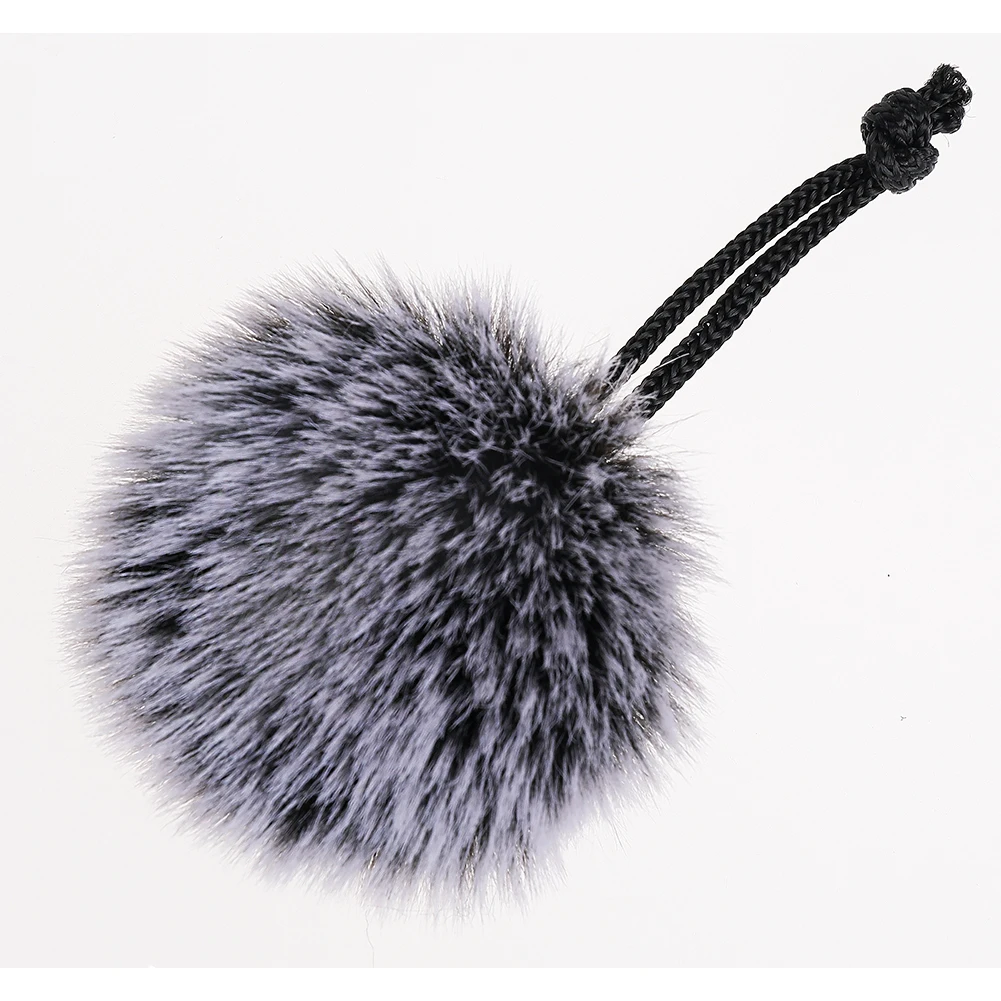 Universal 0.5 1.0 1.2 Size Lavalier Microphone Windproof Fur Cover Drawstring Fur Ball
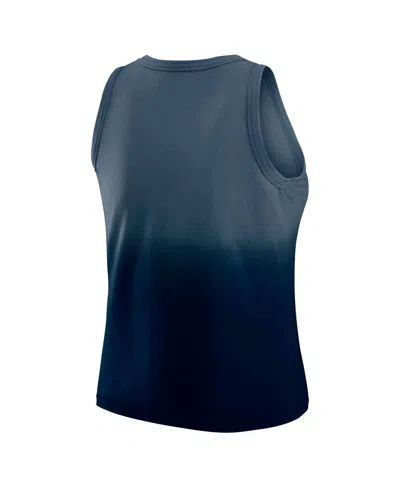 Wear By Erin Andrews X Gracie Hunt Navy Seattle Seahawks Ombre Tank Top In Blue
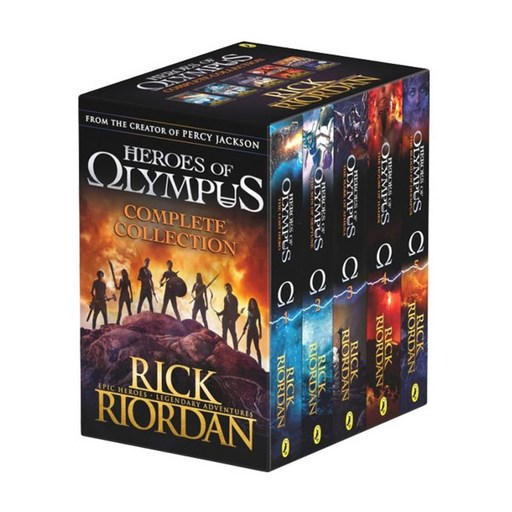 Heroes Of Olympus 5 Books Complete Collection (영국판)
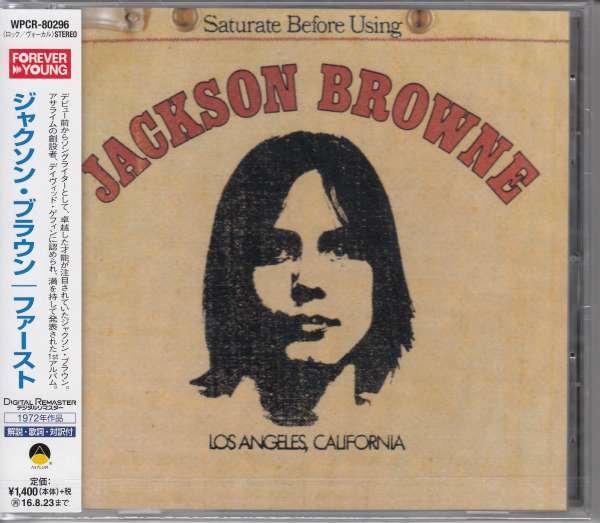 CD Shop - BROWNE, JACKSON SATURATE BEFORE USING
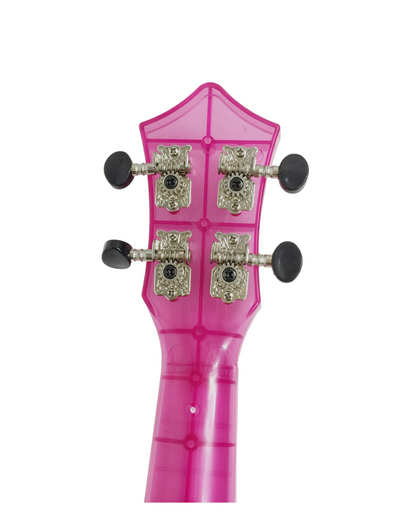 OEM Transparent 15-Fret Soprano Ukulele - Blue/Clear/Pink UK11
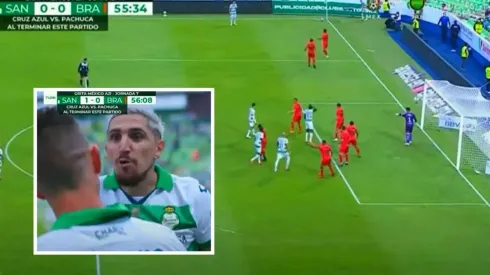 Diego Valdés aportó con una asistencia en triunfo del Santos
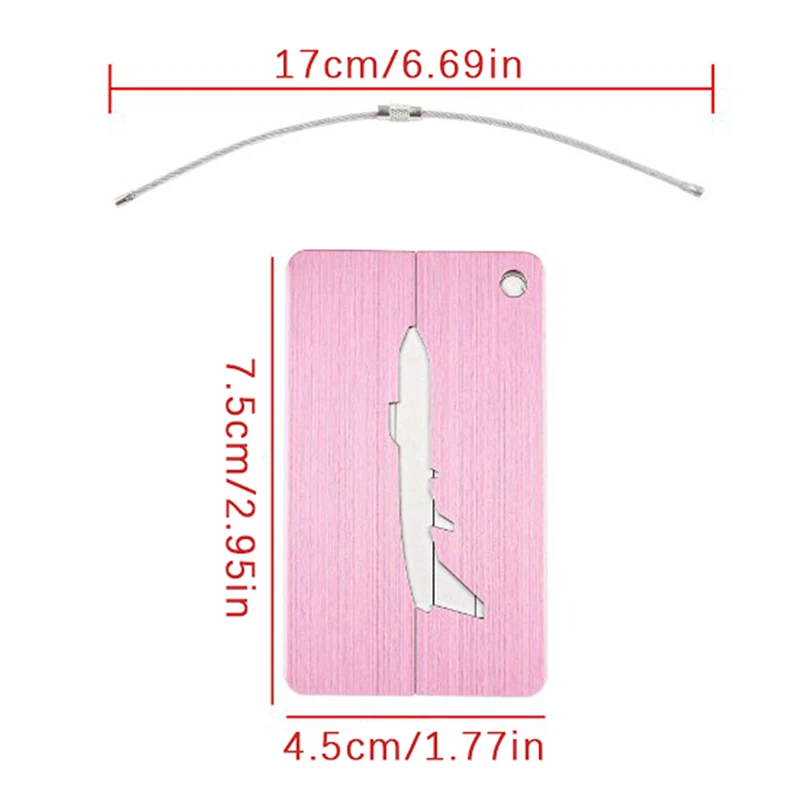 Fashion Travel Luggage Tags Baggage Name Tags Suitcase Address Label Holder Aluminium Alloy Luggage Tag Travel Accessories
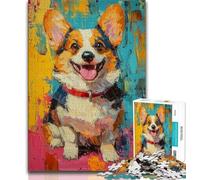 Puzzle per adulti motivo: cane alla moda 1000 pezzi per adulti e adolescenti giocattoli giochi educativi antistress collezione di artisti belle arti (50x75cm)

********************

» **Directions**:
Wherever a picture appears in the records above, skip it and retype everything else exactly.

» **The answer**:
 Universal 0.5 1.0 1.2 Size Lavalier Microphone Windproof Fur Cover Drawstring Fur Ball
 Wear By Erin Andrews X Gracie Hunt Navy Seattle Seahawks Ombre Tank Top In Blue
 Heroes Of Olympus 5 Books Complete Collection (영국판)
 CD Shop - BROWNE, JACKSON SATURATE BEFORE USING
 OEM Transparent 15-Fret Soprano Ukulele - Blue/Clear/Pink UK11
 Diego Valdés aportó con una asistencia en triunfo del Santos
 Fashion Travel Luggage Tags Baggage Name Tags Suitcase Address Label Holder Aluminium Alloy Luggage Tag Travel Accessories
 Puzzle per adulti motivo: cane alla moda 1000 pezzi per adulti e adolescenti giocattoli giochi educativi antistress collezione di artisti belle arti (50x75cm)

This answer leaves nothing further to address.